WHAT YOU SHOULD DO.
Omit the pictures, then write out every entry exactly as it reads.

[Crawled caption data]
************
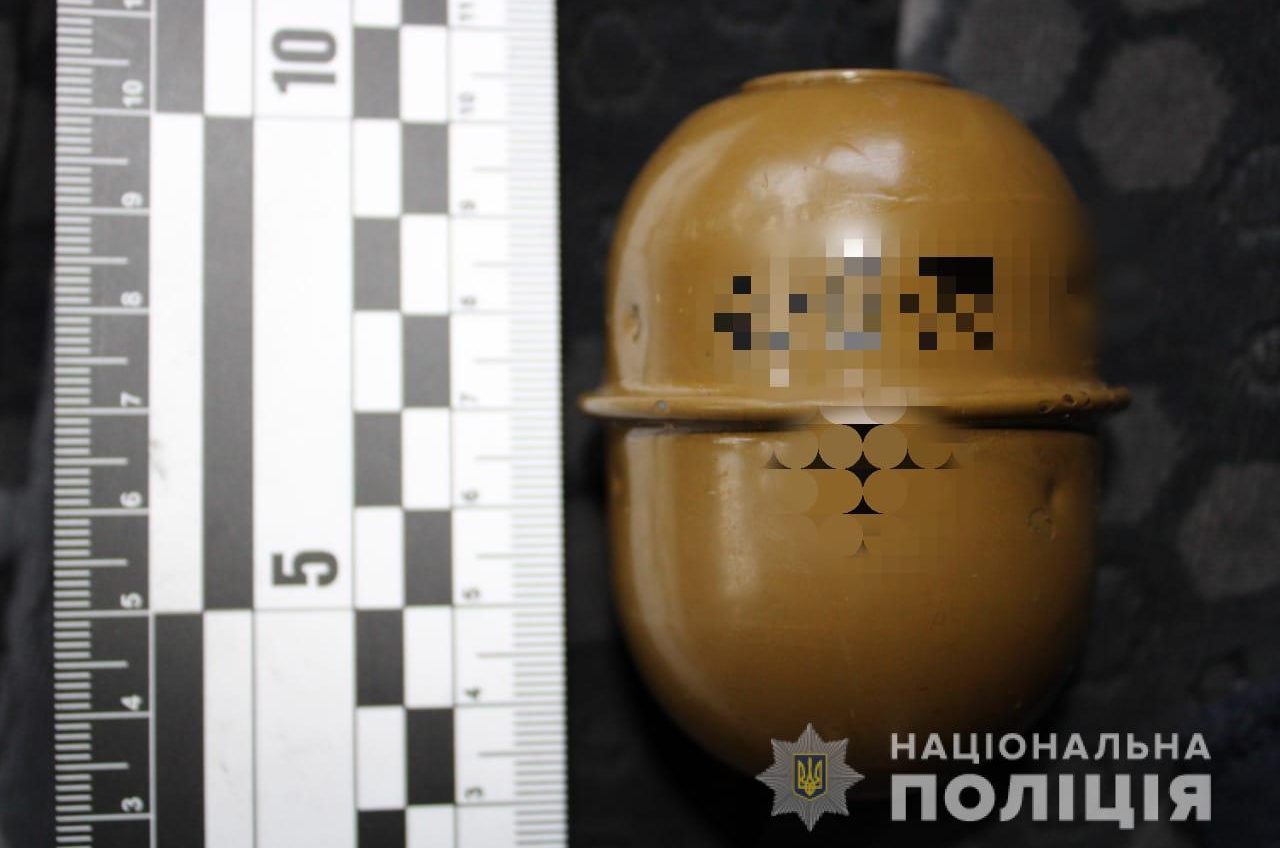 В Одесской области водитель возил на сиденье гранату (фото) «фото»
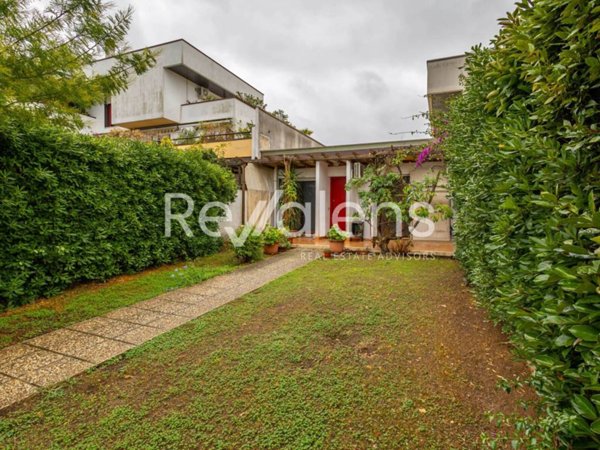 casa indipendente in vendita a Noicattaro in zona Parchitello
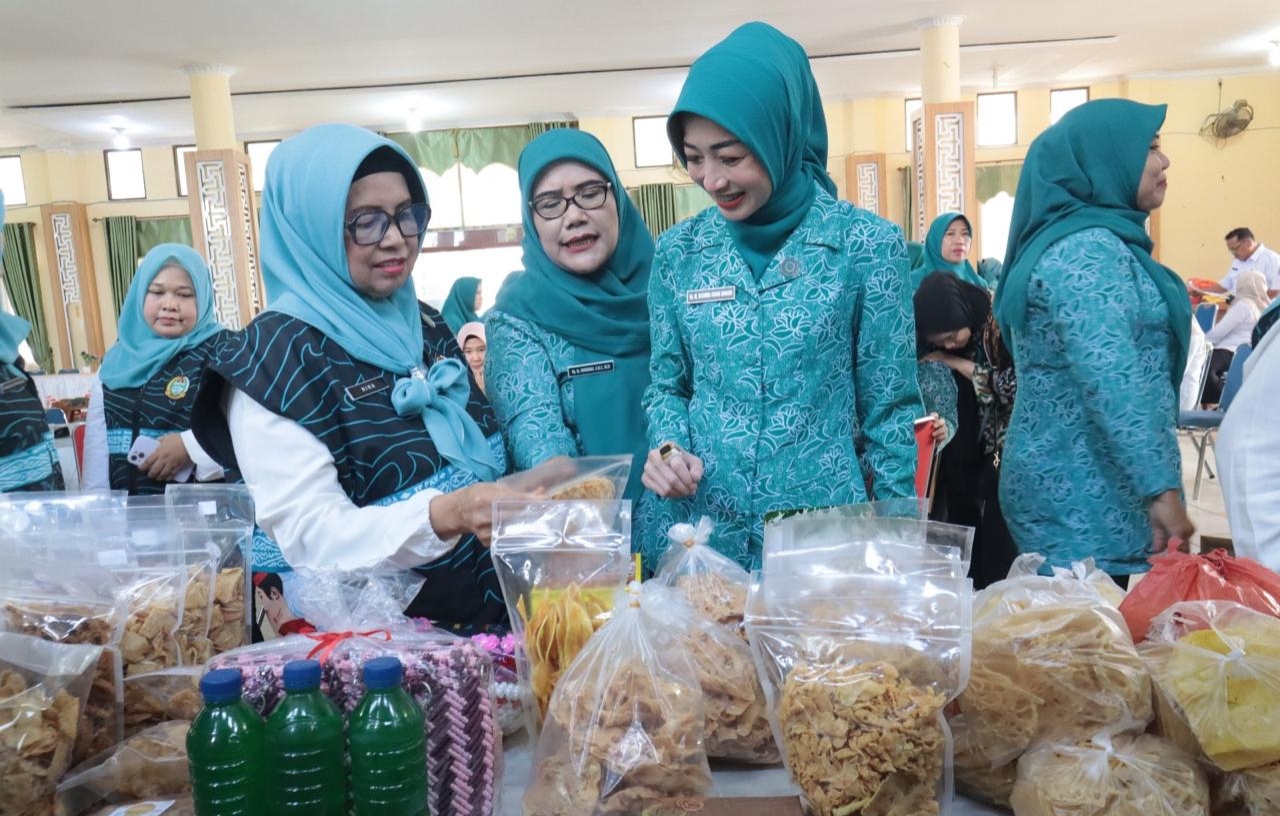 Ketua TP PKK Tebingtinggi Ny. Hj. Susmira Wanti Iman Irdian Sambut Tim Supervisi Penilaian HKG Provsu - IMG 20260411 WA0002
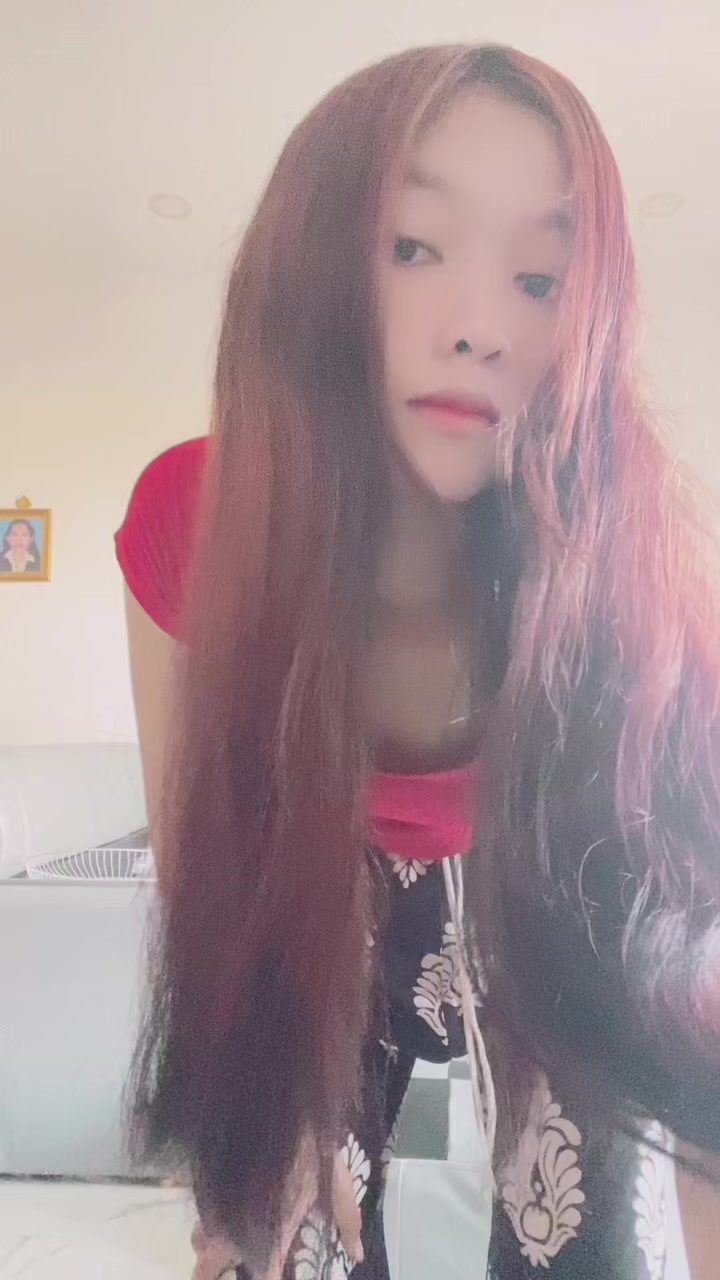@ស្ដេចផុសប្រចាំស្រុកខ្មែរ😈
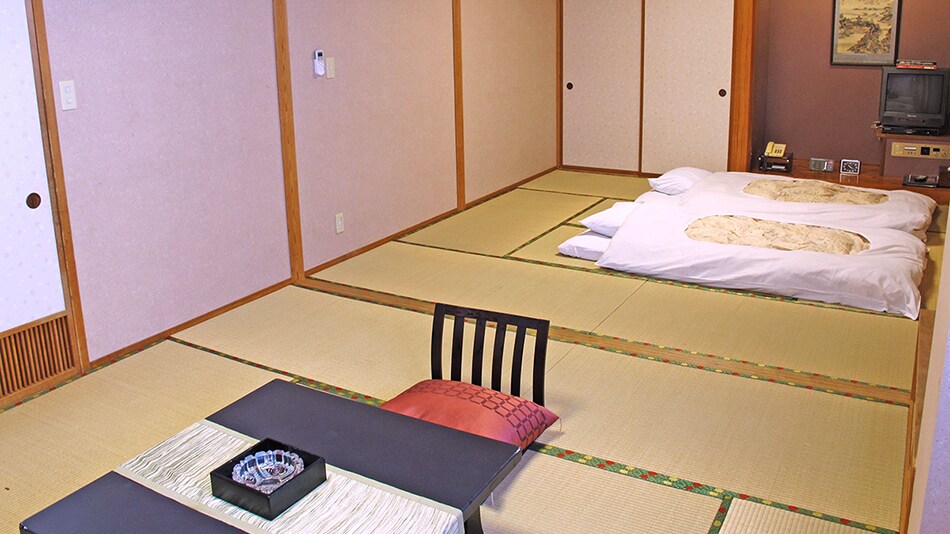 [Japanese-style room]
************
TASK SOLUTION.
 В Одесской области водитель возил на сиденье гранату (фото) «фото»
 casa indipendente in vendita a Noicattaro in zona Parchitello
 Ketua TP PKK Tebingtinggi Ny. Hj. Susmira Wanti Iman Irdian Sambut Tim Supervisi Penilaian HKG Provsu - IMG 20260411 WA0002
@ស្ដេចផុសប្រចាំស្រុកខ្មែរ😈
 [Japanese-style room]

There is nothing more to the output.